The Jaguars got another good performance from their rookie quarterback, which continues to fan the flames on who should be the starter.
The Jacksonville Jaguars lost to the Detroit Lions on Friday evening 13-12, but the real story out of the game was the play of rookie quarterback Blake Bortles. Bortles has faced a new challenge every week in the preseason and every single time he's answered the bell.
On Friday evening, due to the flow of the game, Bortles entered in the second quarter with just under two minutes left in the game. He promptly marched the team down the field while under pressure, pushing the ball down the field and picking up chunks of yardage.
"It was cool to be able to go out and start out of the two-minute situation," Bortles told reporters after the game. "We actually had a two-minute drill that we had some backed up situations, so I mean to get those opportunities and those scenarios, they're great learning experiences and I think we did a good job."
In 10 plays, including a near interception on a poor throw, Bortles quickly moved the Jaguars from their own five yard line to the Lions 16 yard line. They might have had a legitimate shot at a touchdown had the officials not mistakenly whistled dead a fake spike play, but all-in-all Bortles did exactly what you want in the final two minutes before halftime. He drove down the field and put points on the board.
"With only two minutes, we were able to come up with points before the half and did a good job on a couple backup situations - getting the ball out of there, so those are definitely good things."
There has been an argument for the Jaguars to speed up the process on when Bortles would be considered "ready", the team's public requirement for when he will making his way into the starting lineup, but with each preseason game the definition of ready seems to get more puzzling.
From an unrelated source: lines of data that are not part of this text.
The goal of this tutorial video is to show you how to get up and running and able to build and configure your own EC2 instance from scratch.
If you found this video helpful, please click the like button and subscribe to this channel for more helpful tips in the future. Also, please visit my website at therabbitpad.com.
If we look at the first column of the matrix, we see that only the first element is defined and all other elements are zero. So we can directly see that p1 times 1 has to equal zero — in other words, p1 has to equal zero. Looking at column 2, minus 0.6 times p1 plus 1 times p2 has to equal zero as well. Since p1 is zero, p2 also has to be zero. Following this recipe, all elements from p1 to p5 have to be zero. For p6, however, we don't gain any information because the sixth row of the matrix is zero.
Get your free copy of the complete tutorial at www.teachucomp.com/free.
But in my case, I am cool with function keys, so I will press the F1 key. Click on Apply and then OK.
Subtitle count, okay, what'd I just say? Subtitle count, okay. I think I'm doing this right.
Immediately following the game, Jaguars head coach Gus Bradley fended off questions about the starting quarterback position and seemed to squash them by saying that Chad Henne is still the starting quarterback for Week 1 against the Philadelphia Eagles.
From OTA's through training camp until Friday night, Bortles has shown a rapid progression in each game. The definition of "ready" seems to be bizarre at this point, because the performances of Bortles and Henne aren't close to the same. While the argument that Bortles was facing backups, which should put some cold water on his hot performances, was legitimate at one point, that's no longer the case. On Friday night Bortles went out with the first team against predominantly starters on the Lions offense and looked natural.
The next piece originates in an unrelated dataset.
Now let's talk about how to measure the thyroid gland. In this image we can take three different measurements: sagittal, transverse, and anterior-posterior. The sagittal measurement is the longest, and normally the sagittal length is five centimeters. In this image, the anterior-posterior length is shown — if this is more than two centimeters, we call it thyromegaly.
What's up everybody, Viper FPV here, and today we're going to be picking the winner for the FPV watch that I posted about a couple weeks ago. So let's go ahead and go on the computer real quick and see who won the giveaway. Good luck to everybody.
"It was definitely similar. There's obviously a little bit of speed difference and stuff like that but for the most part, it was pretty much the same," Bortles said after the game about playing with the first team offense. "You run the same football plays, you're still playing football. It's just with the ones rather than the twos."
Each time that Bortles has had to make that jump to let the coaching staff see where he is in his progress, he's knocked it out of the park. In the Jaguars scrimmage he made plays, made some mistakes, but overall looked good. In the first preseason game he did a nice job and made a few "wow" throws. Against the Chicago Bears he came out on fire and made some more "wow" throws on national television. Then on Friday evening against the Lions he ran out with legitimate NFL players, facing adversity in both field position, time and pass rush and passes the test.
We've seen Bortles make a play out of nothing, when things break down around him. We've seen him audible, multiple times, into a better play that resulted in success. Bortles touchdown pass to Allen Hurns on Friday night was one of those audibles. He's stood in the face of the rush, he's completed passes down field and he's fit the ball into windows only a few in the NFL can.
I'm not sure what else needs to be there for the Jaguars to determine that Blake Bortles is "ready" and given how it's played out for both Gus Bradley and Dave Caldwell so far, I'm inclined to give them the benefit of the doubt. At this point however, it seems like rolling out with Chad Henne is just cutting off your nose to spit your face. Though, Bradley isn't going to make a decision on changing the starting quarterback minutes after a game finishes without going back and watching the film.
Sure, you know exactly what you're going to get with Henne as your starting quarterback, but that's the inherent problem. He's still Chad Henne. Does he still give your team the best chance to win? What, specifically, is Bortles going to learn now sitting on the bench?
What does Chad Henne do better than Blake Bortles, right now?